In the excellent (and free) accompanying booklet co-curator Katrina Brown describes Black as being, in some respects, the most truly abstract of the three artists, but that her work gives ‘an inescapable sense of the body’. The cosmetics and grooming products often used by Black in her sculptures are at once very intimate and suggestive of the body, whilst also being products designed to mask bodily odours or to improve appearances. Persuader Face contains traces of the artist’s own body, through the evidence of the performance that produced the smashed and rolled bath bombs, or the line drawn in the powder by a finger describing the edge of the work.

Becky Beasley’s works also make an explicit reference to the body, or to two specific bodies, with several works’ dimensions dictated by her parent’s heights and other anthropometric data. This specific reference seems to take on a melancholic air with Shelves for My Parents (A Shelf for My Mother, A Shelf for My Father) looking like an empty catacomb made from flat-pack furniture; ledges awaiting the bodies that will fit them. The hinges and lengths of walnut that make the wall-based sculpture Brocken follow the joints and arm span of Beasley’s father. The first of this series is a full arm span, a measurement known to correspond to the length of one’s own grave.

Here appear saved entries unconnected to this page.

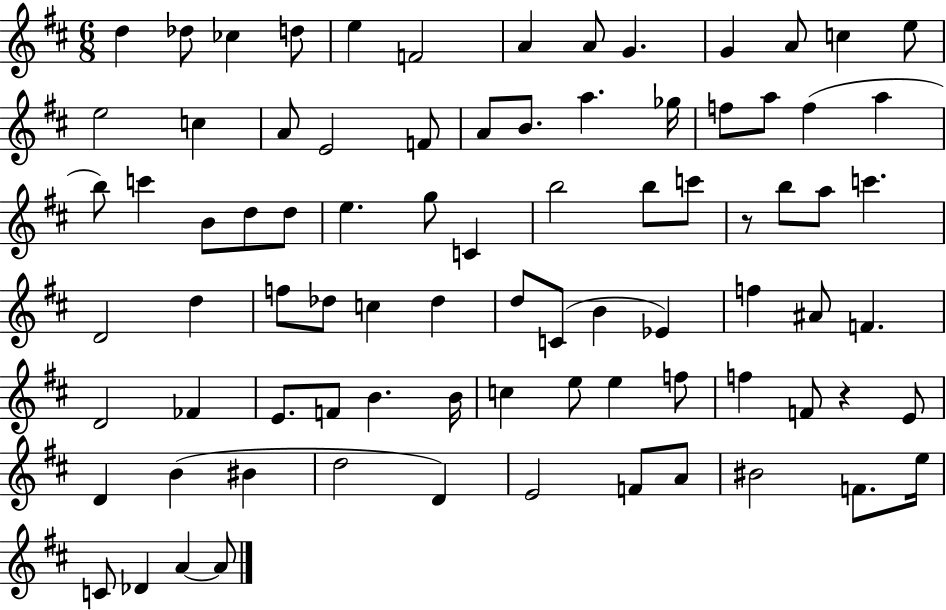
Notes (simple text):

D5/q Db5/e CES5/q D5/e E5/q F4/h A4/q A4/e G4/q. G4/q A4/e C5/q E5/e E5/h C5/q A4/e E4/h F4/e A4/e B4/e. A5/q. Gb5/s F5/e A5/e F5/q A5/q B5/e C6/q B4/e D5/e D5/e E5/q. G5/e C4/q B5/h B5/e C6/e R/e B5/e A5/e C6/q. D4/h D5/q F5/e Db5/e C5/q Db5/q D5/e C4/e B4/q Eb4/q F5/q A#4/e F4/q. D4/h FES4/q E4/e. F4/e B4/q. B4/s C5/q E5/e E5/q F5/e F5/q F4/e R/q E4/e D4/q B4/q BIS4/q D5/h D4/q E4/h F4/e A4/e BIS4/h F4/e. E5/s C4/e Db4/q A4/q A4/e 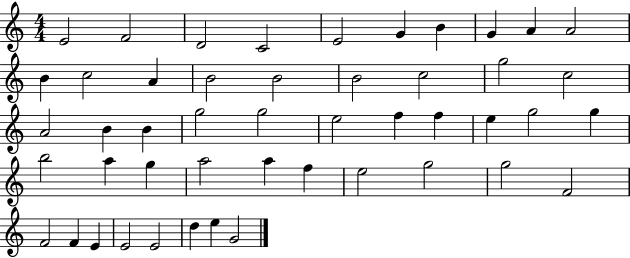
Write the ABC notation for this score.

X:1
T:Untitled
M:4/4
L:1/4
K:C
E2 F2 D2 C2 E2 G B G A A2 B c2 A B2 B2 B2 c2 g2 c2 A2 B B g2 g2 e2 f f e g2 g b2 a g a2 a f e2 g2 g2 F2 F2 F E E2 E2 d e G2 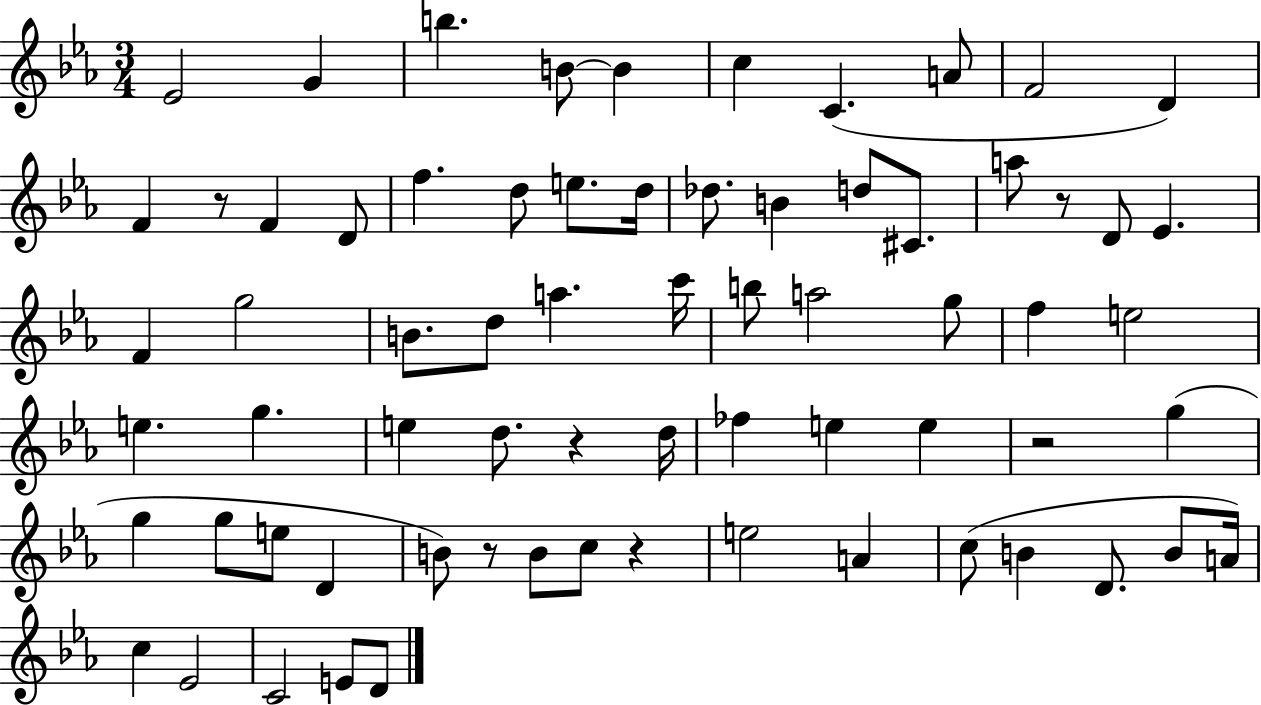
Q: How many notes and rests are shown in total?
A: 69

Beasley’s sculptures often seem physically more hard-edged and less instinctual than those of Black or Barclay; comprising of perfectly finished shelves and black Perspex rather than the sifted powder and screwed-up sugar paper or draped fabrics and crumpled foil found in Black and Barclay’s works. But Beasley’s vocabulary and scale is based on everyday domestic objects, albeit twisted and morphed into something uncanny. There is something a little upsetting in the almost-but-not-the-same dimensions of the two boxes that form Trough Box, their reflective black bottoms somehow adding to the confusion. And the photograph Gloss II really is an image of the sculpture Nightmusic just rotated ninety-degrees, but its difficult to be certain, you can’t quite see them together so you find yourself involuntarily comparing and re-examining each.

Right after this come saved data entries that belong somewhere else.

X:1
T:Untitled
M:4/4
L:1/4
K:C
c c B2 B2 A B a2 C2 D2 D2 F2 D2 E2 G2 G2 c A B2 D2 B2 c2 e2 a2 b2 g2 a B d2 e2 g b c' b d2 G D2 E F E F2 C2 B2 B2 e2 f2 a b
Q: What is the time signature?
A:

Structure and Material feels in some senses a determinedly unmonumental counterpoint to the heads and Henry Moore’s to be found in the Park grounds. Of course these sculptures are more vulnerable and idiomatic, both materially and in terms of scale, and yet the existing works and the occasional new, or specific work, respond not only to the physical space of the Gallery, but reflect on the artworks beyond its walls. The familiar notions that reoccur throughout the exhibition, the landscape, the body, mortality, internal and external spaces, are all concerns that, whilst expressed very differently, nonetheless preoccupied Moore’s work and that still very evidently present rich seams today.